Film Review: Supernova (2020)

A gay dementia weepie ought to leave me distraught but despite the presence of Colin Firth and Stanley Tucci, Supernova leaves me cold

“Can you tell that its gotten worse?”

Harry Macqueen’s Supernova clearly had designs on a whole suite of award nominations but overlooked as it was, it has popped up on cinema schedules as an early summer oddity very much in the shadow of The Father. And though it seems tailor-made to tug on the tearducts of voters and audiences alike, I found it surprisingly unaffecting (and I cry at a lot!).

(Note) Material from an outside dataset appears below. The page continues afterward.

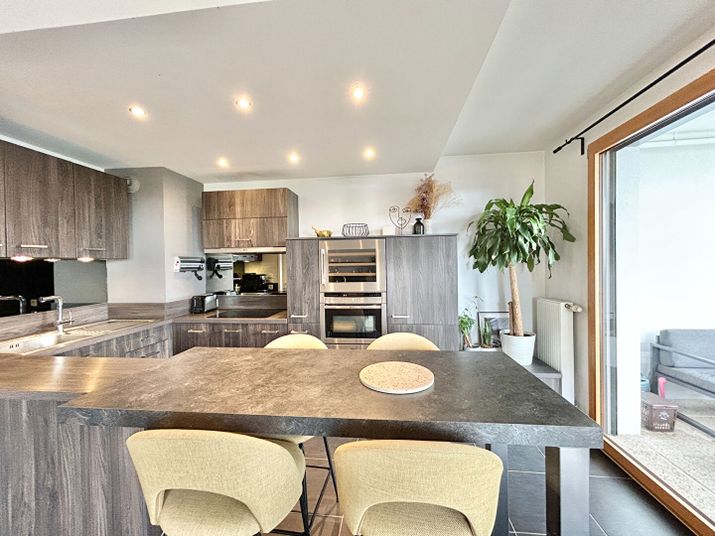 Appartement a louer tassin-la-demi-lune - 2 pièce(s) - 51 m2 - Surfyn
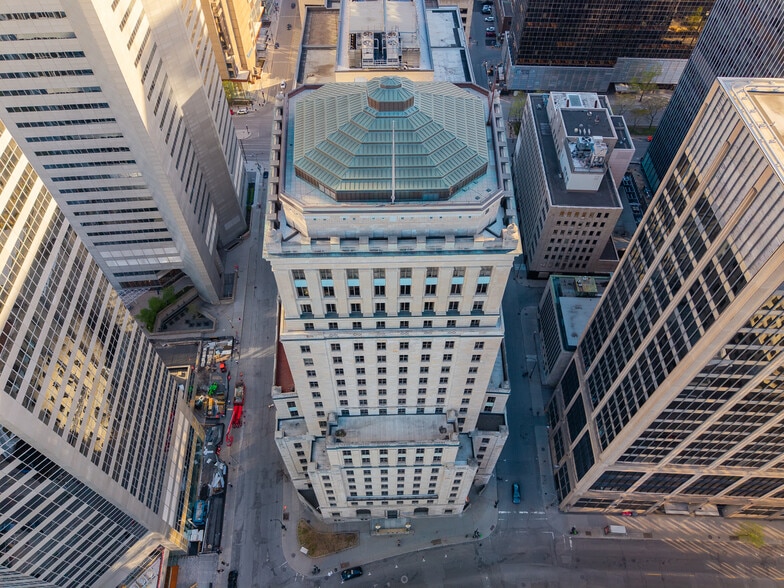 1050 Côte du Beaver Hall, Montréal, QC à louer - Photo du bâtiment - Image 2 de 9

Stanley Tucci and Colin Firth play Tusker and Sam, an irascible but well-suited couple who’ve been together for nigh on 20 years. Tusker’s a novelist and Sam’s a musician but the former’s diagnosis of early-onset dementia has thrown their future into disarray. And as they journey to the Lake District to connect with family and friends, it becomes clear just how much.

But as admirably unsentimental the approach here is, it tips too far into something chilly, its emotional restraint feeling more of a constraint. Something about the dialogue comes across as forced at key moments, as we’re corralled into following the focus on Sam’s prospective experience as the one who survives, without ever really delving into substantive detail. A disappointment.